A funcionária também afirmou que, diante do atraso, os trabalhadores não estariam em condições de manter normalmente suas atividades. “Hoje não temos condições de trabalhar. Como eu falei, eu só trabalho se o meu dinheiro entrar na conta. Fora isso, vou cruzar os braços, como já estamos fazendo aqui”, disse.
Outra funcionária, Marisa, também participou da mobilização e fez um apelo para que a empresa responsável pelo restaurante regularize os pagamentos. “Eu estou precisando do responsável daqui do Restaurante Popular, porque nosso salário está atrasado. Ele quer que a gente trabalhe até sexta-feira, mas estamos cheios de contas para pagar e sem receber nada. Todo mês é sexta-feira, sexta-feira, e a gente cheio de contas”, afirmou.
Segundo ela, alguns trabalhadores enfrentam dificuldades ainda maiores por dependerem do salário para despesas básicas. “Tem gente aqui que mora de aluguel e ele não quer cumprir os compromissos. Está tudo atrasado, sem um centavo na conta. Ele está tirando onda com a gente. A gente já cansou. Eu preciso do meu salário para pagar minhas contas.

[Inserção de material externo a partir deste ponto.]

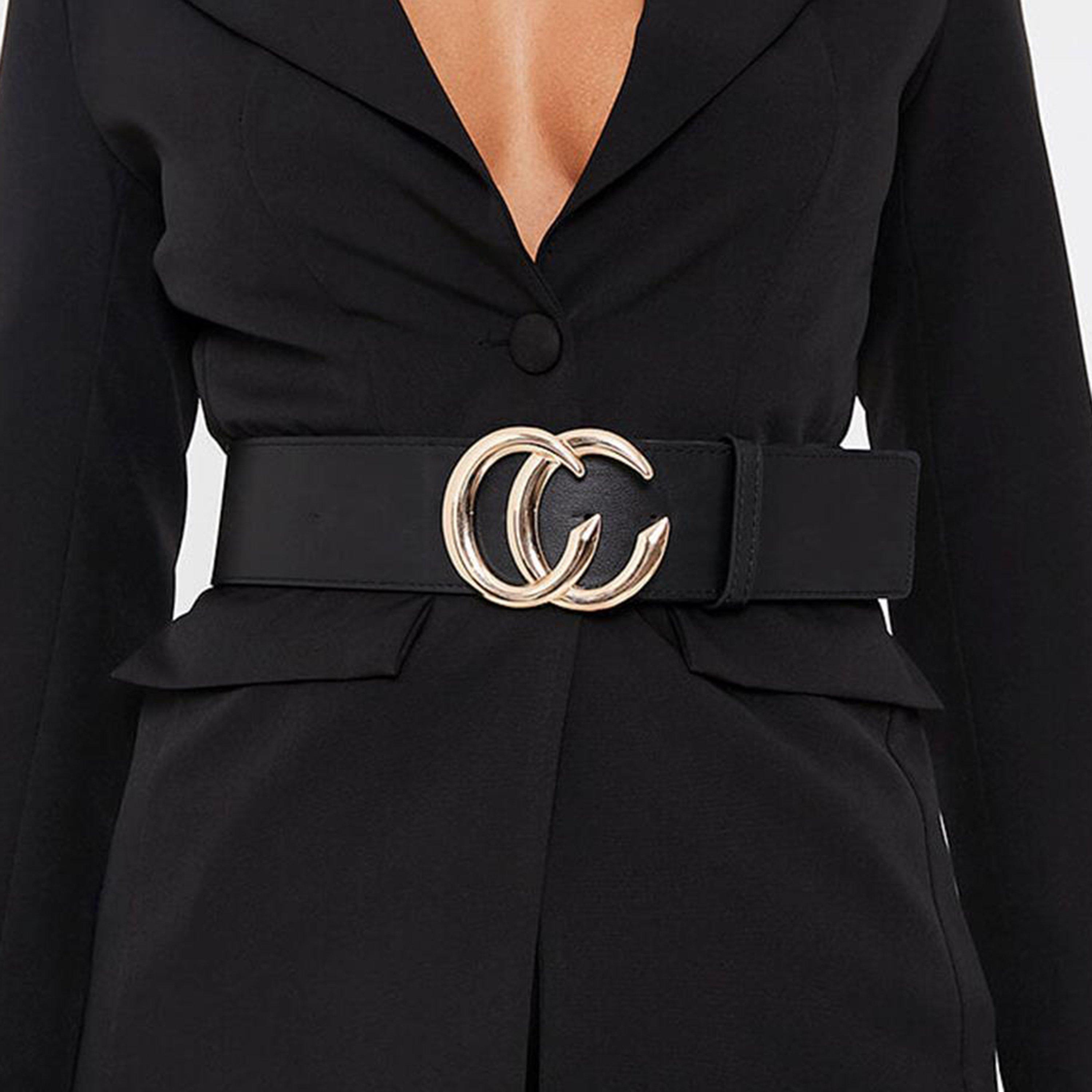 Schwarz - I Saw It First - ISAWITFIRST Belt With Gold C Buckle - 1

Tenho três filhos para dar comida”, relatou.
Além dos atrasos salariais, um trabalhador identificado como Pedro Henrique afirmou que está trabalhando no restaurante desde fevereiro sem ter sido registrado formalmente. “Eu entrei no dia 6 de fevereiro aqui e, até hoje, estou sem carteira assinada. Estou trabalhando junto com o pessoal e vivendo a mesma situação de sempre. Todo mês é a mesma burocracia para poder receber o salário. A gente precisa esperar porque dizem que o pagamento ainda não caiu”, contou.

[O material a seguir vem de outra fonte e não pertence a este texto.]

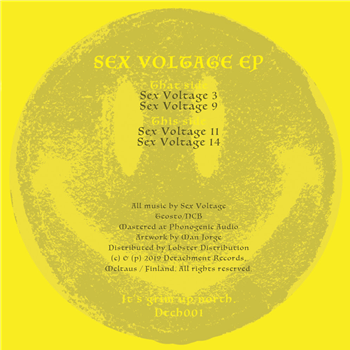 Sex Voltage - Sex Voltage EP - Detachment Records Sex Voltage - Sex Voltage EP - Detachment Records
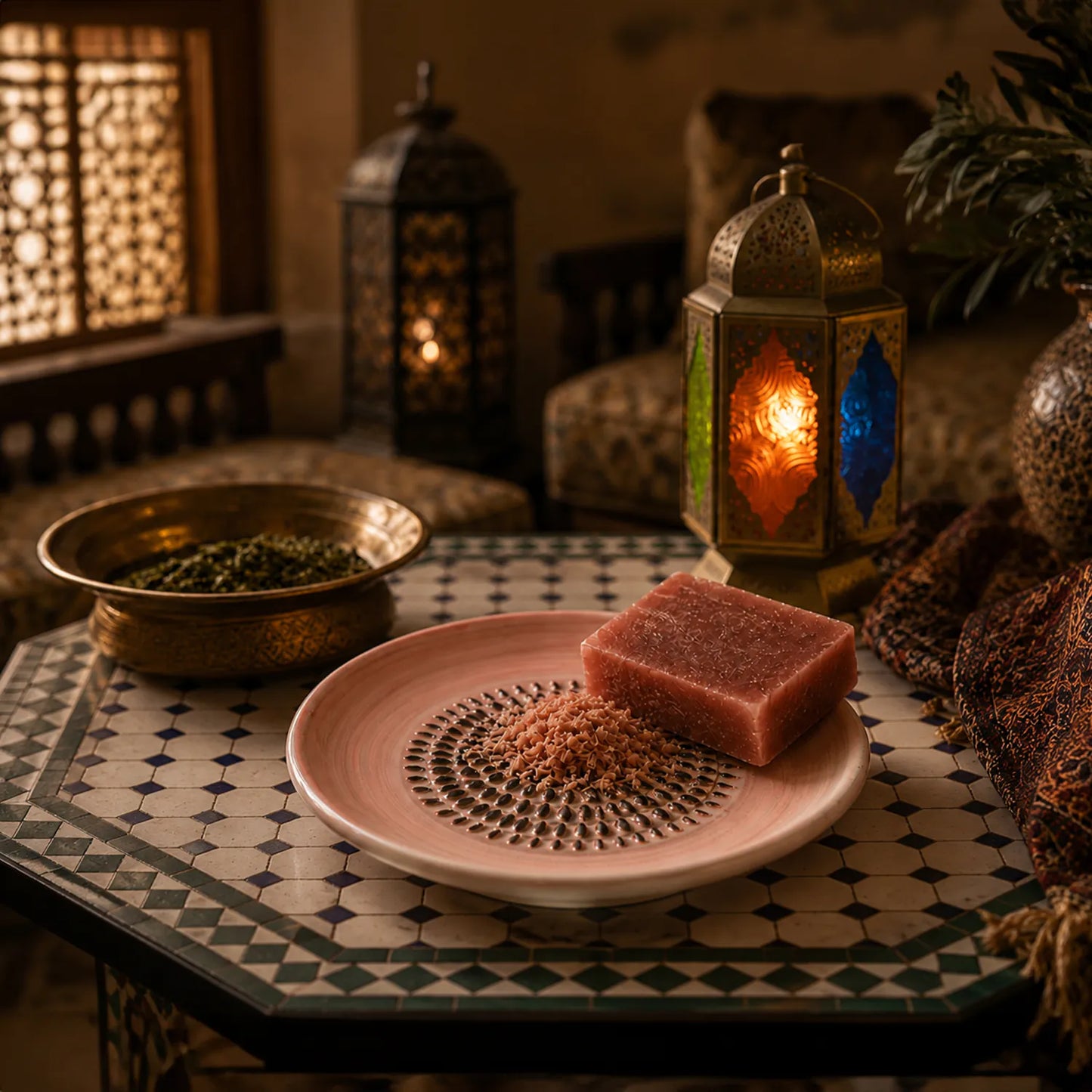 Coral Mist – Amber Stone Ceramic Scent Grater Plato Rallador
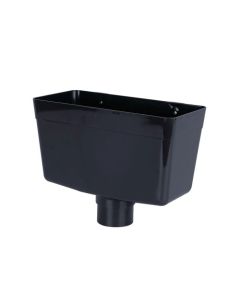 RAINWATER 68mm ROUND DOWNPIPE HOPPER  - BROWN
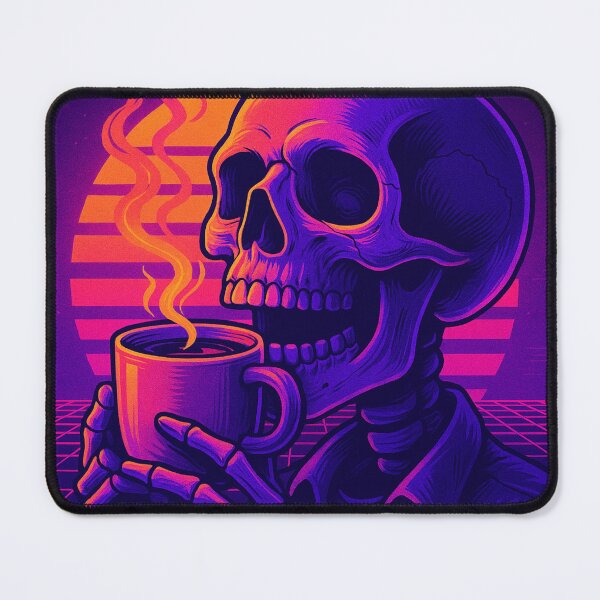 Item preview, Skeleton Drinks Coffee designed and sold by SmilingAnny.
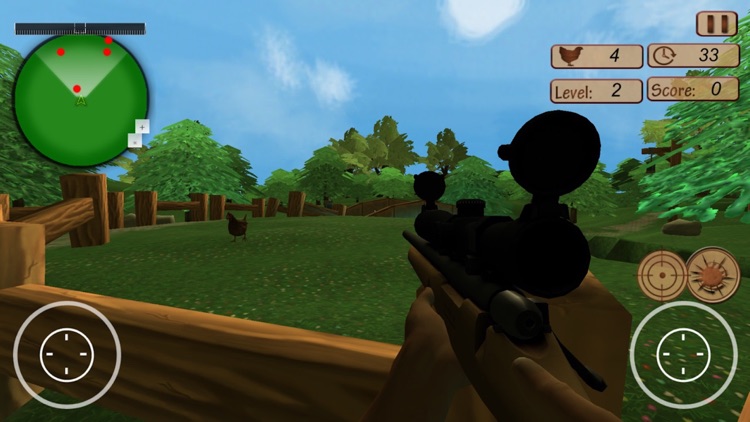 Classic Farm Chicken Shooting screenshot-4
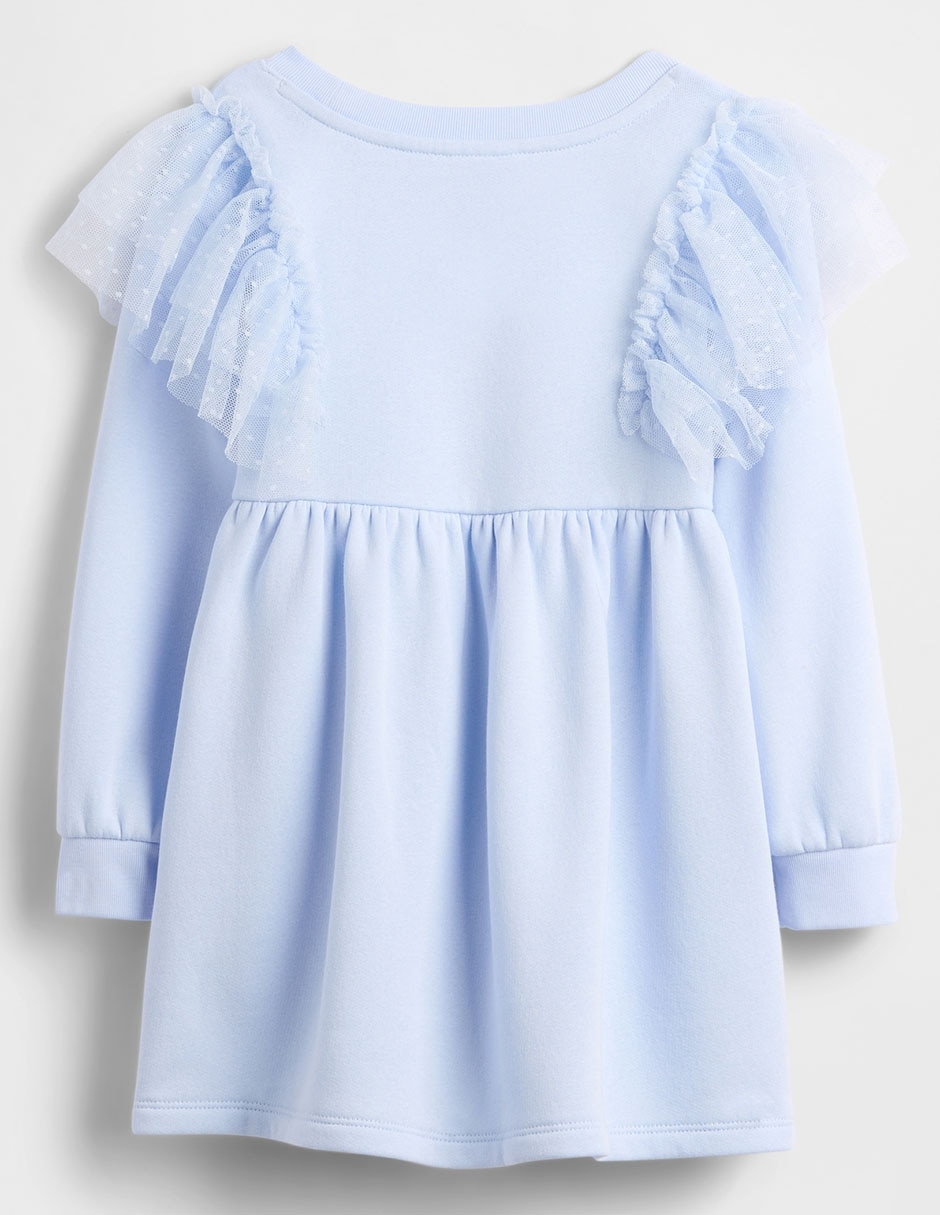 Vestido manga regular para niña 3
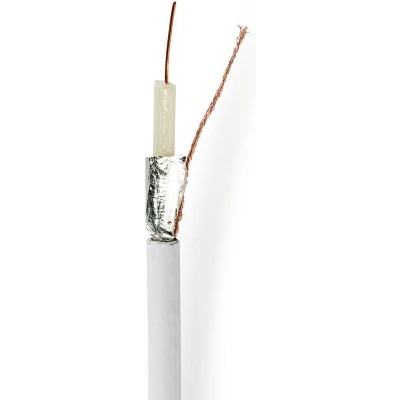 Afbeelding van Nedis Csbr4020Wt1000 Coaxkabel Coax 12 100 M Rol Wit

De acordo com Pedro Henrique, a justificativa apresentada pela empresa para a ausência do registro seria a perda da licitação para prestação do serviço. “Falaram que agora não adiantaria mais assinar porque a empresa perdeu a licitação. Aí estamos esperando para ver o que vai ser resolvido”, afirmou.

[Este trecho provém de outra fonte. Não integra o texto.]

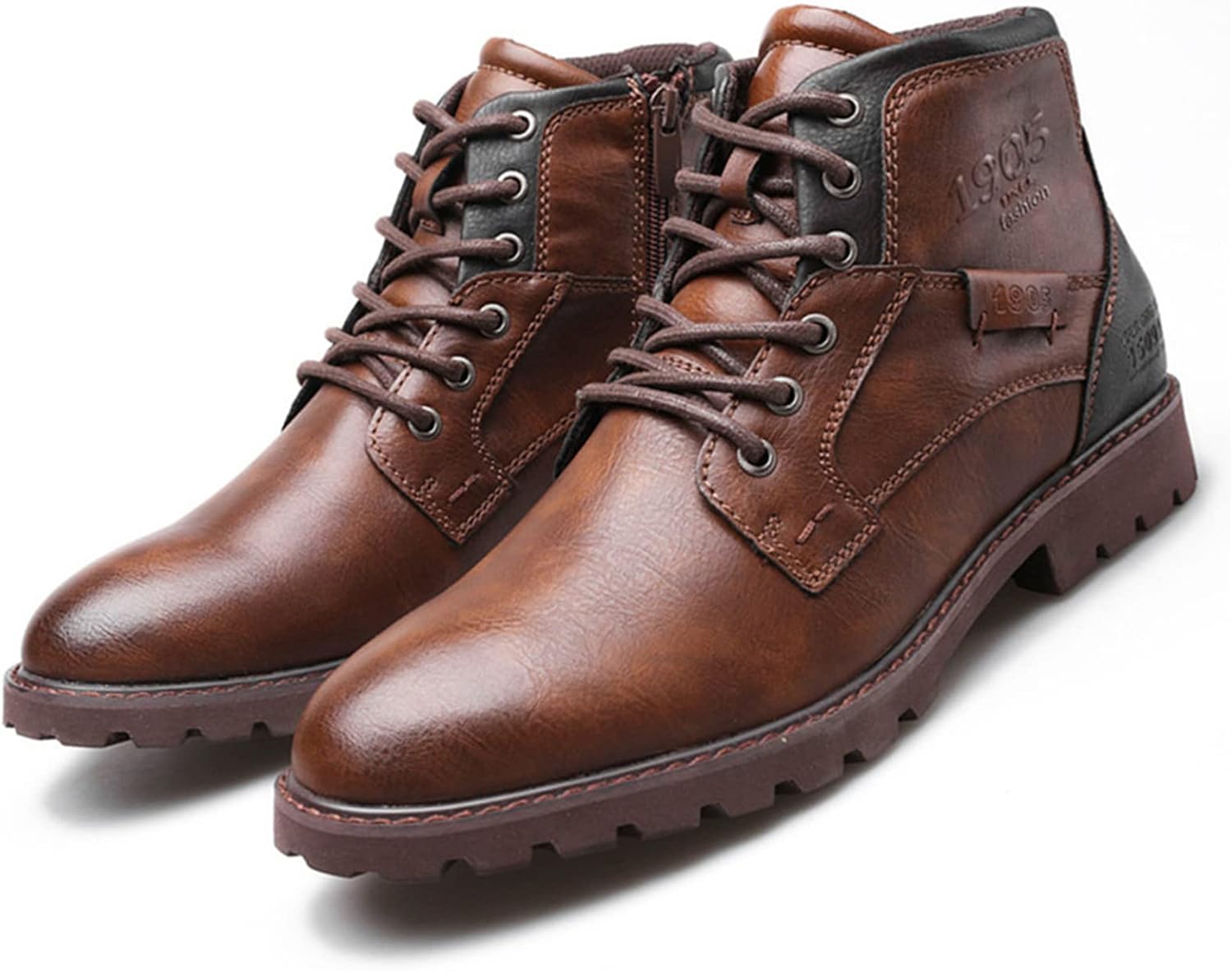 

Мужские ботинки CHUUMEE Мужские повседневные ботинки Мотоциклетные боевые ботинки на щиколотку для мужчин, коричневый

O trabalhador demonstrou preocupação com a situação e com os direitos que podem estar sendo comprometidos enquanto permanece sem registro. “Enquanto isso, nossos direitos e os riscos que corremos desenvolvendo a atividade ficam à mercê. Essa é a situação de todos os que trabalham aqui”, declarou.
Situação será discutida no Ministério Público
O Sintercoba afirma que pretende utilizar a audiência marcada para o dia 17 de setembro como uma tentativa de buscar uma solução para os problemas apontados pelos trabalhadores. Entre as reivindicações estão a regularização dos salários, férias e demais direitos trabalhistas. Caso não haja acordo, o sindicato poderá adotar os procedimentos necessários para convocação de uma greve, conforme informou Ednaldo Garcia.
A mobilização desta quarta-feira representa, segundo o sindicato e os trabalhadores, um alerta à empresa responsável pelo restaurante. Os funcionários afirmam que os atrasos recorrentes têm provocado dificuldades financeiras e desgaste entre a categoria, que cobra uma solução definitiva para a situação.